──────── Input data ────────

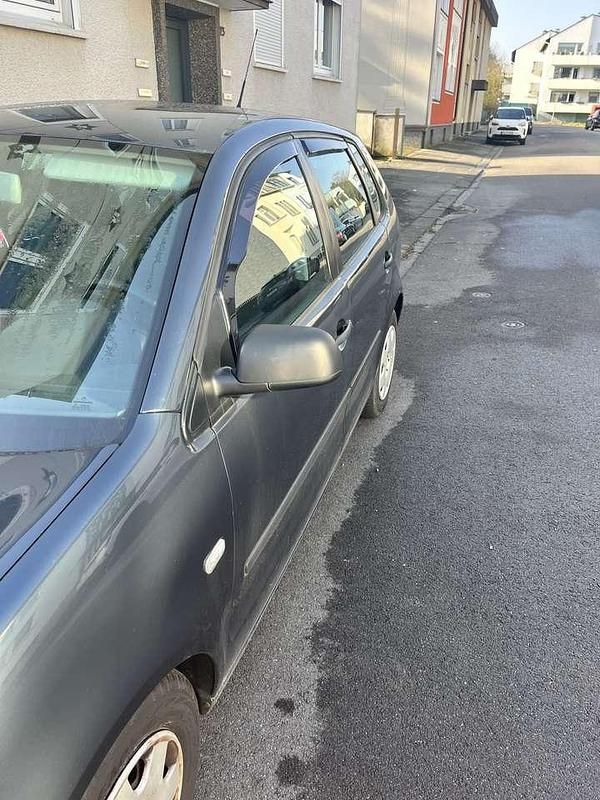 Gebraucht VW Polo Comfortline 64 PS (47 kW) 2003 Grau Limousine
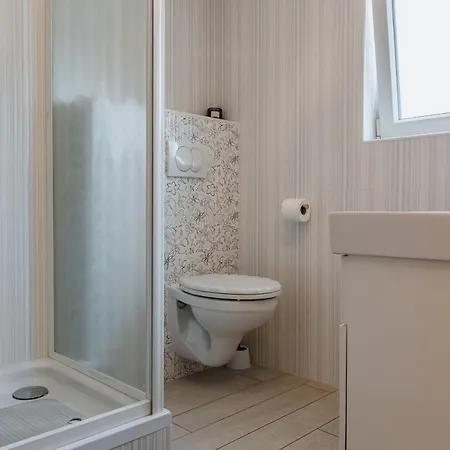 Appartement Violeta Vir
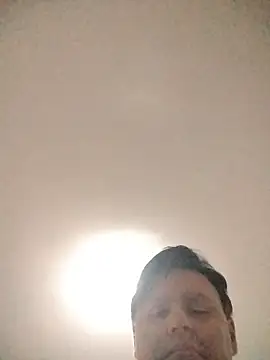 LeoMaduroSP online show from November 15, 2025, 4:21 am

────────

Repeat every line of the data above exactly, but drop the pictures.

> Response:
 Gebraucht VW Polo Comfortline 64 PS (47 kW) 2003 Grau Limousine
 Appartement Violeta Vir
 LeoMaduroSP online show from November 15, 2025, 4:21 am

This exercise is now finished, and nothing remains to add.